SOURCE MATERIAL:
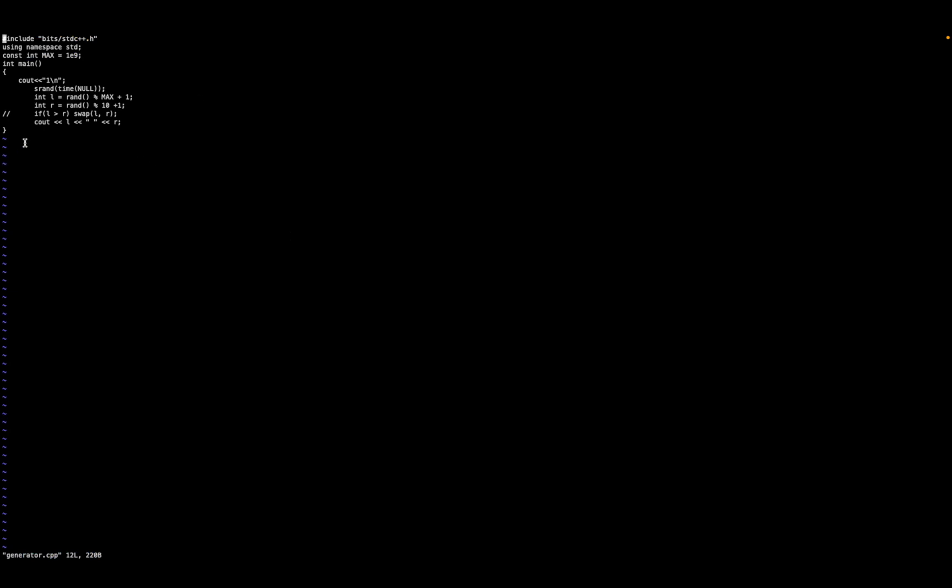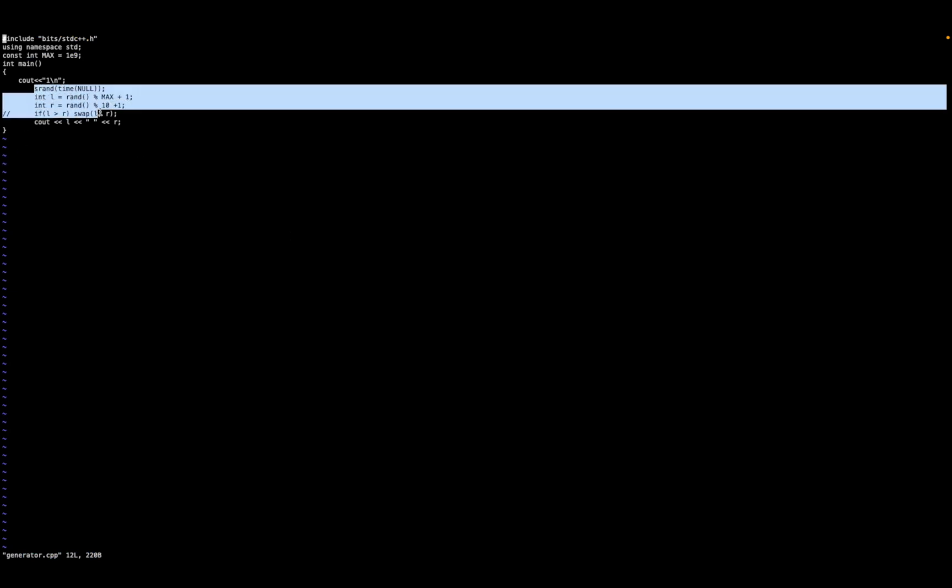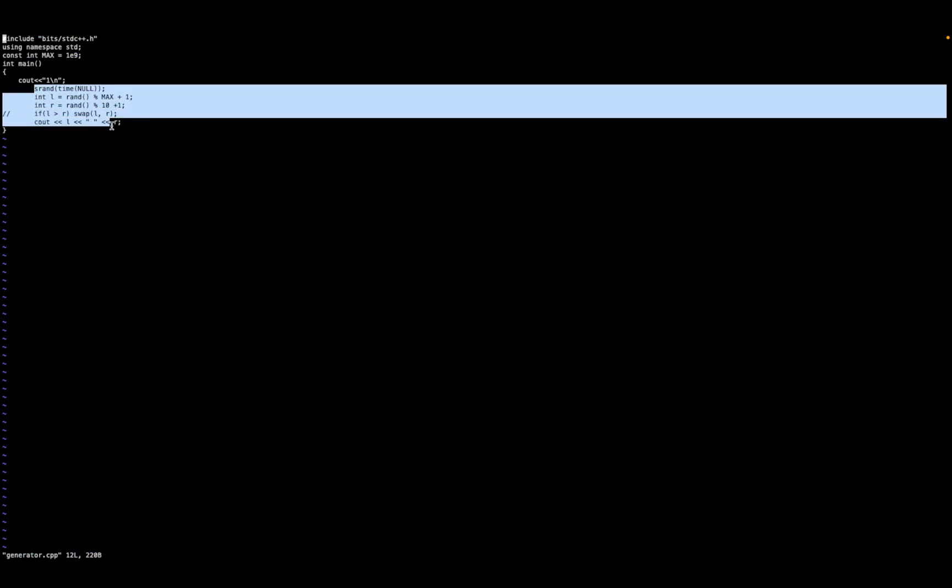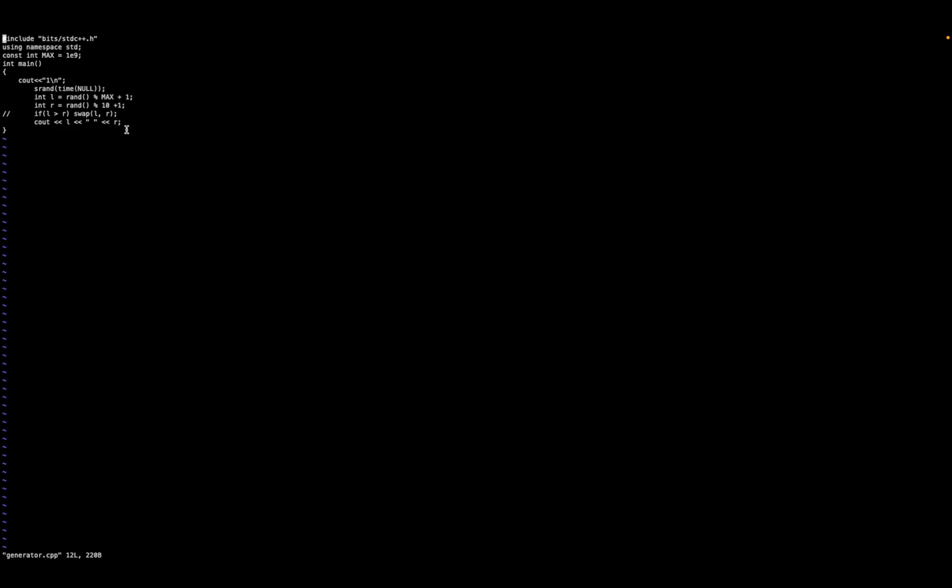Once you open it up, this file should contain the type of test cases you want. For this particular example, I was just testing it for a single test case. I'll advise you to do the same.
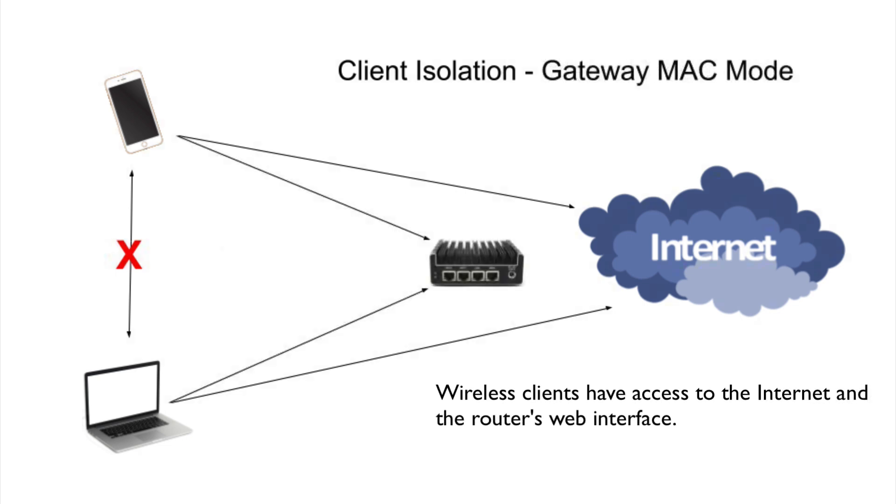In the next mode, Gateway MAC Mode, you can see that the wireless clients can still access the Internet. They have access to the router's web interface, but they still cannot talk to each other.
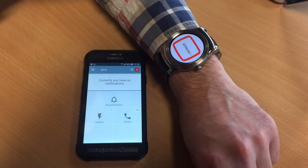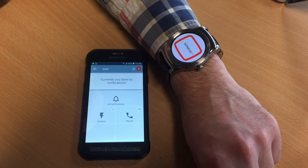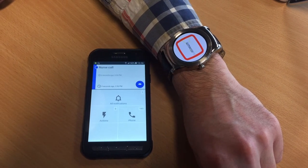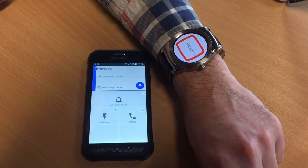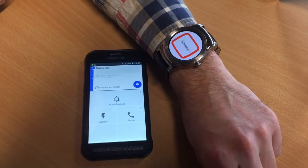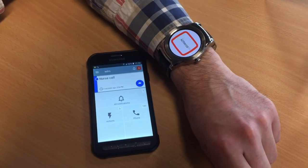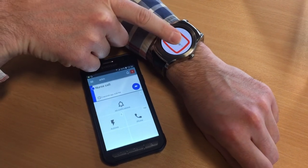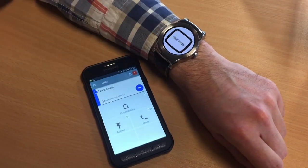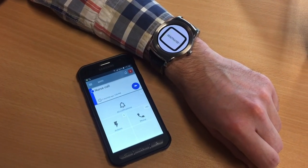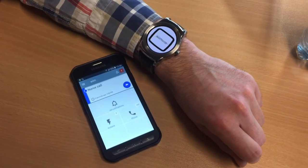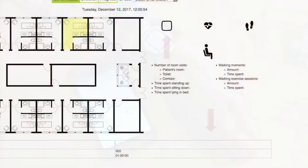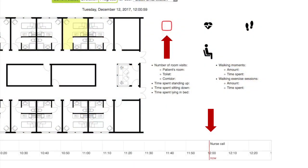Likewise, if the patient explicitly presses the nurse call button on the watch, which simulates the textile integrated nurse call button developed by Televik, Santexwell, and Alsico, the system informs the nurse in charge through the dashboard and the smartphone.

ASSIGNMENT: Any picture found in the data is to be skipped while the rest is copied exactly.

RESULT:
Once you open it up, this file should contain the type of test cases you want. For this particular example, I was just testing it for a single test case. I'll advise you to do the same.
In the next mode, Gateway MAC Mode, you can see that the wireless clients can still access the Internet. They have access to the router's web interface, but they still cannot talk to each other.
Likewise, if the patient explicitly presses the nurse call button on the watch, which simulates the textile integrated nurse call button developed by Televik, Santexwell, and Alsico, the system informs the nurse in charge through the dashboard and the smartphone.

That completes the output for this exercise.